### Task to complete
Take the lines from the one containing "Maisy Flowers star xxx galleries" through the end of the material and write them out exactly, omitting pictures.
============================================================
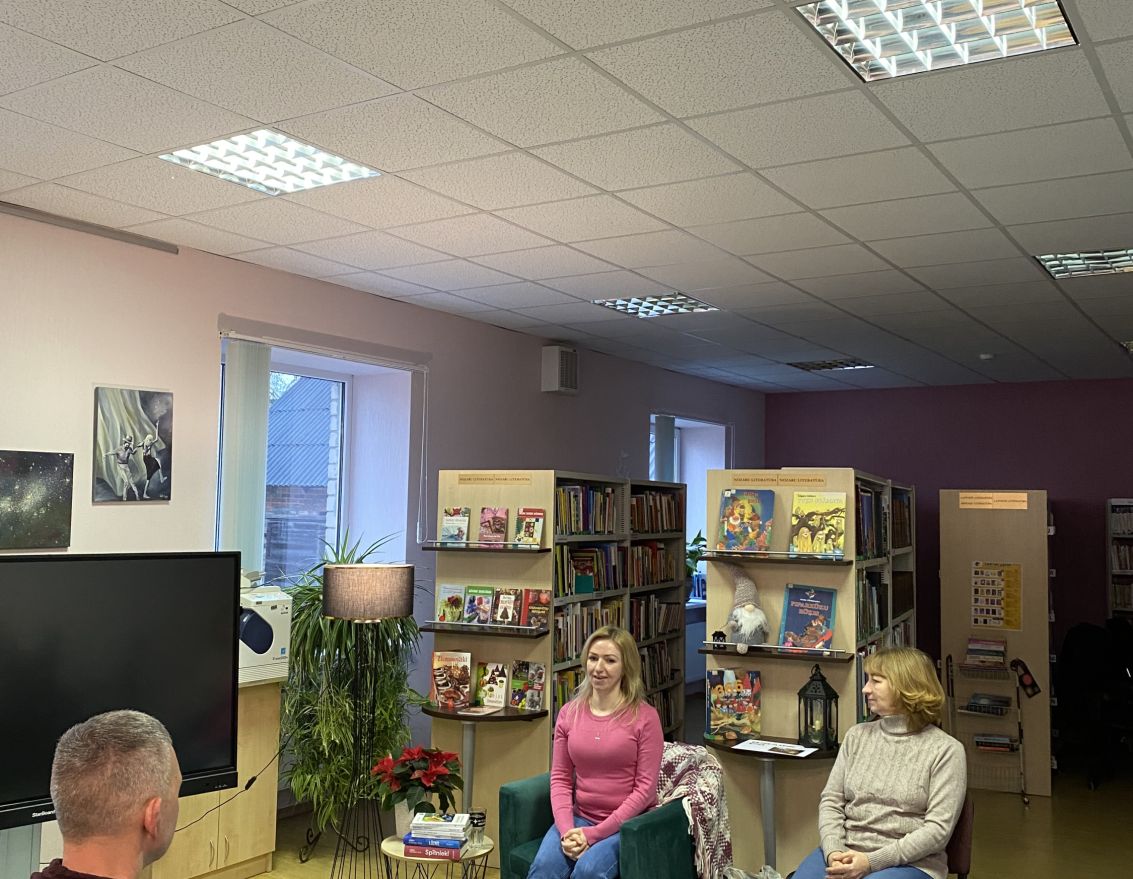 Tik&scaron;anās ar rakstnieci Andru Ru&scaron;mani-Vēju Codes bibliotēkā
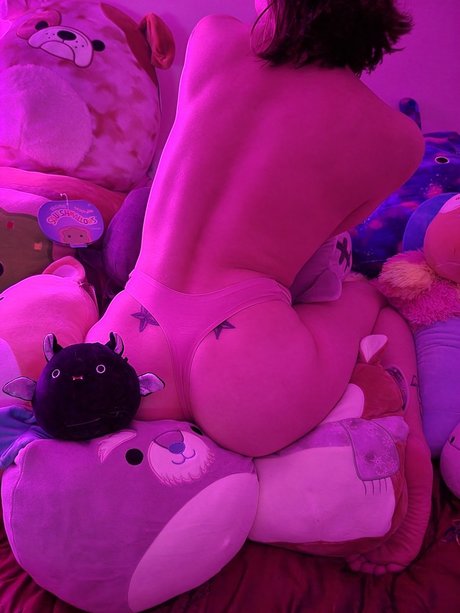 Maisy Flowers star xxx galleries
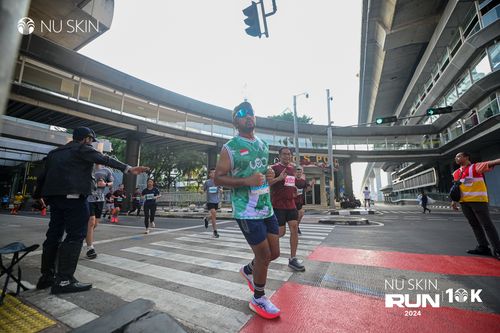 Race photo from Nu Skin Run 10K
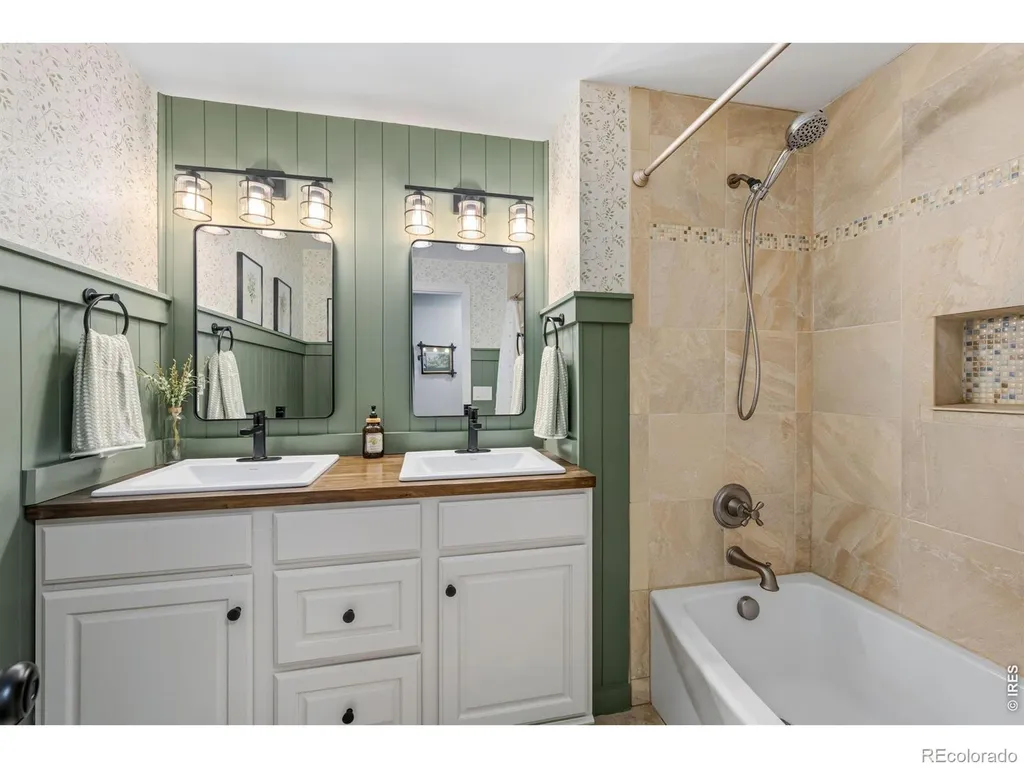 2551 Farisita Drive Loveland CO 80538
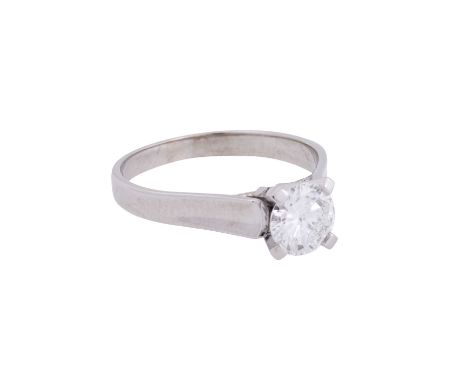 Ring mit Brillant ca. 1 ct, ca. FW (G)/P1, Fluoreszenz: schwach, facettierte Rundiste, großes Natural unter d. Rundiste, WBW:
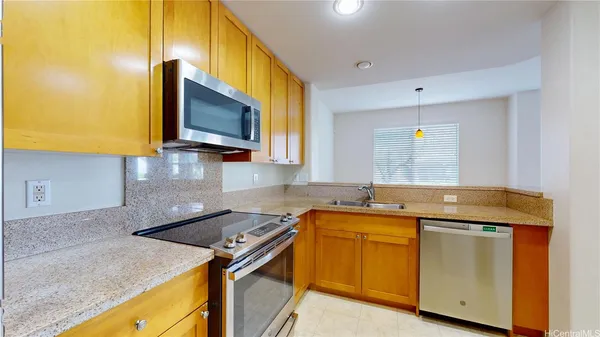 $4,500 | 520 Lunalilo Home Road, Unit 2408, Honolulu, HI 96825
============================================================
### Task solution
 Maisy Flowers star xxx galleries
 Race photo from Nu Skin Run 10K
 2551 Farisita Drive Loveland CO 80538
 Ring mit Brillant ca. 1 ct, ca. FW (G)/P1, Fluoreszenz: schwach, facettierte Rundiste, großes Natural unter d. Rundiste, WBW:
 $4,500 | 520 Lunalilo Home Road, Unit 2408, Honolulu, HI 96825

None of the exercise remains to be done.